The piece of legislation will most likely come into force from mid-May, as part of a series of policies aimed at improving safety and reducing nuisance for residents.
Rules around the sale of alcohol and closing times for bars and brothels are also being introduced.
Currently, shops in Amsterdam's red light district are already banned from selling alcohol between Thursday and Sunday after 4pm.
They will now be asked to remove all alcohol from their shelves during this period.
Under the new laws, people will also be forbidden from smoking cannabis in public spaces between 4pm and 1am, Thursday to Sunday.
Restaurants and bars will have to be closed by 2am on Fridays and Saturdays, while brothels, which currently shut at 6am, will now have to be closed by 3am.
And after 1am, nobody will be allowed to enter premises that sell alcohol in the red light district.
It's hoped that the move will give locals more 'peace late at night'.
In a press release announcing the new measures, a spokesperson for the city said: "The atmosphere becomes dire, particularly at night.
"A lot of people are under the influence [of drugs and alcohol] and hang around for a long time.
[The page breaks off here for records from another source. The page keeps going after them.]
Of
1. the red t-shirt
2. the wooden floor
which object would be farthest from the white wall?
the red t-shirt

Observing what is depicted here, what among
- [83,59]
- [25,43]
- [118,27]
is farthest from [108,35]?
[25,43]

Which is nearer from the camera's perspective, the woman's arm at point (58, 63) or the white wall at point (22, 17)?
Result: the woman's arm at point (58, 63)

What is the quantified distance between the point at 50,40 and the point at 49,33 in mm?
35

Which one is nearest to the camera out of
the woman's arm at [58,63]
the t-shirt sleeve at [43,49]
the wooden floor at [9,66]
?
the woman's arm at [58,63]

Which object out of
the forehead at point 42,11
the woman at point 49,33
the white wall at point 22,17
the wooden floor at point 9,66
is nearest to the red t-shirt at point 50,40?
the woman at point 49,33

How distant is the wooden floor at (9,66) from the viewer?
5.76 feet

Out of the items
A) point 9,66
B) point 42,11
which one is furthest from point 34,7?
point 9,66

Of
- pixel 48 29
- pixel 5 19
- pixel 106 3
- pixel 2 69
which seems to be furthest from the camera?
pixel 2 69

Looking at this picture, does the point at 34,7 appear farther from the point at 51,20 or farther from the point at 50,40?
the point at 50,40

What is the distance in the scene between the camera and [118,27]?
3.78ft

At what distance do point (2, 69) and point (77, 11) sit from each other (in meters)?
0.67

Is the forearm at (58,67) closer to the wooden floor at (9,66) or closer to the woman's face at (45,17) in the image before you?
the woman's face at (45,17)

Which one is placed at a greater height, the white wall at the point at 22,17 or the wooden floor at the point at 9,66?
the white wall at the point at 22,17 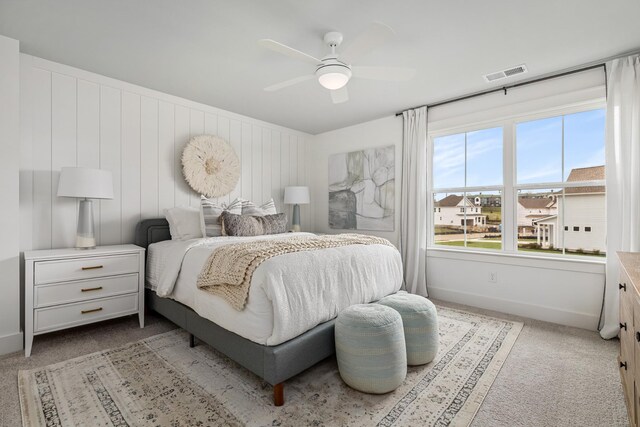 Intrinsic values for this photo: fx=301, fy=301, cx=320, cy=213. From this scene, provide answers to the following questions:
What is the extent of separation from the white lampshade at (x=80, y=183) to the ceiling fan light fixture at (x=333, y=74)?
6.90 ft

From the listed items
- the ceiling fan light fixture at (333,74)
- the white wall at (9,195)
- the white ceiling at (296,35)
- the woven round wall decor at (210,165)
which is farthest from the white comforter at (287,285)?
the white ceiling at (296,35)

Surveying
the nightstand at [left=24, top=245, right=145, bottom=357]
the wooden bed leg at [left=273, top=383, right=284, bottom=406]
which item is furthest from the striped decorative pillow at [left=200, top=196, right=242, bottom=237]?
the wooden bed leg at [left=273, top=383, right=284, bottom=406]

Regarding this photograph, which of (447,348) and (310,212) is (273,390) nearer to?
(447,348)

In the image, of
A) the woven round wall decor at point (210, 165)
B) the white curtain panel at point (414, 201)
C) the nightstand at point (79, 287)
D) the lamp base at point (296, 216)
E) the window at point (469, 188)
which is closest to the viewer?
the nightstand at point (79, 287)

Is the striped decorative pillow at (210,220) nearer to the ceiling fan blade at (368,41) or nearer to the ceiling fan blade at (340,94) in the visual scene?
the ceiling fan blade at (340,94)

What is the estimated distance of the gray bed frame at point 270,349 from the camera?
65.7 inches

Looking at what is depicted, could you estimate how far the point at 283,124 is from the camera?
4.62 meters

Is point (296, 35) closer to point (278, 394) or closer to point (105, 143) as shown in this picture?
point (105, 143)

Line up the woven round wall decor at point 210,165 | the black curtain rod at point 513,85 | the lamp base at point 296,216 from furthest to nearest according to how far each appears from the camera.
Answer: the lamp base at point 296,216 → the woven round wall decor at point 210,165 → the black curtain rod at point 513,85

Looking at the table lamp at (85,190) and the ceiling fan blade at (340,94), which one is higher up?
the ceiling fan blade at (340,94)

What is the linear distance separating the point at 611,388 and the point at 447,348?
94 centimetres

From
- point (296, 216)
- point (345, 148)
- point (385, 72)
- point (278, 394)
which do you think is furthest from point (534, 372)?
point (345, 148)

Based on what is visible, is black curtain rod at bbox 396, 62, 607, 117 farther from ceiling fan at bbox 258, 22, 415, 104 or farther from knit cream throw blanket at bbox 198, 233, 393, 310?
knit cream throw blanket at bbox 198, 233, 393, 310

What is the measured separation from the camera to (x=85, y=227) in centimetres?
264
"This comes at the expense of a good night’s sleep for residents and the liveability and safety of the whole neighbourhood."
If the tough measures don't work, the city says, it will look to ban smoking weed outside coffee shops as well.
Diederik Boomsma is the leader of the local Christian Democrats.
He has been a longstanding supporter of tougher measures to curb drug and alcohol use in the city.
Speaking to Dutch News, he said: "Finally! We have been proposing to ban smoking cannabis in public spaces for years.
"Some days you can’t even walk around the centre without breathing in the persistent stench of cannabis fumes, with glassy-eyed tourist zombies staggering about. That has to stop.
"Amsterdam needs to finally get rid of its image as a Walhalla for paid sex and drugs. [Our] message to tourists: 'Welcome! But if you’re coming just to snort, swallow or smoke drugs: don’t'."
The proposed changes will now go into a four-week consultation period, which will be followed by a vote, with all parties supportive of the measures.